Creativity, Action and Service (CAS)

Candidates for the IB diploma must complete at least 150 hours of creativity, action and service (CAS) activities during the 11th and 12th grades. The purpose of this requirement is to encourage students to become active in the local community and to share their talents with others. Activities for which students are paid or which earn course credit may not be counted toward the CAS requirement. Activities involving religious organizations should have a secular focus. The CAS coordinator announces the possible activities and keeps a record of CAS hours for each student. The student is responsible for documenting and reporting each activity to the CAS Coordinator. The CAS Coordinator verifies completion of the requirement based on this documentation.

Description of CAS activities:

Creativity (50 hours): Creating, designing or planning activities, performing, etc.

Action (50 hours): Sports, implementing or assisting in outdoor projects, etc.

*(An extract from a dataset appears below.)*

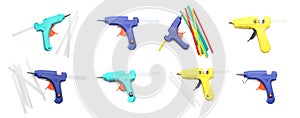 Set with different glue guns with sticks on white background, top view. Banner design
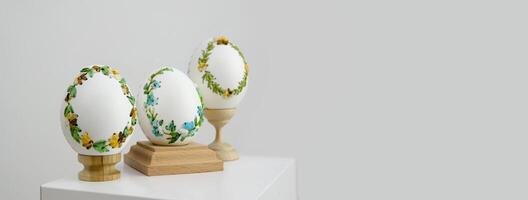 three eggs on special wooden stands on a white background lavender background postcard baner calendar empty space holiday easter eggs embroidery ribbons on eggshell krashanka photo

Service (50 hours): Assisting others as a volunteer

CAS forms are available from the CAS Coordinator and the IB Coordinator’s Office. At least 75 hours of CAS MUST be documented before a student may register as an IB Diploma candidate. Each Diploma Candidate must submit a CAS Student Final Summary form after all hours is completed.

Theory of Knowledge (ToK)

The heart of the IB curriculum is the Theory of Knowledge course. The purpose of this course is to provide students with a forum for reflective, critical thinking on topics that bridge the academic disciplines. Students discuss ideas and write essays expressing their understanding of broad concepts. The course is taught in two parts in both junior and senior years. Student achievement in the course is measured based on one essay and a presentation.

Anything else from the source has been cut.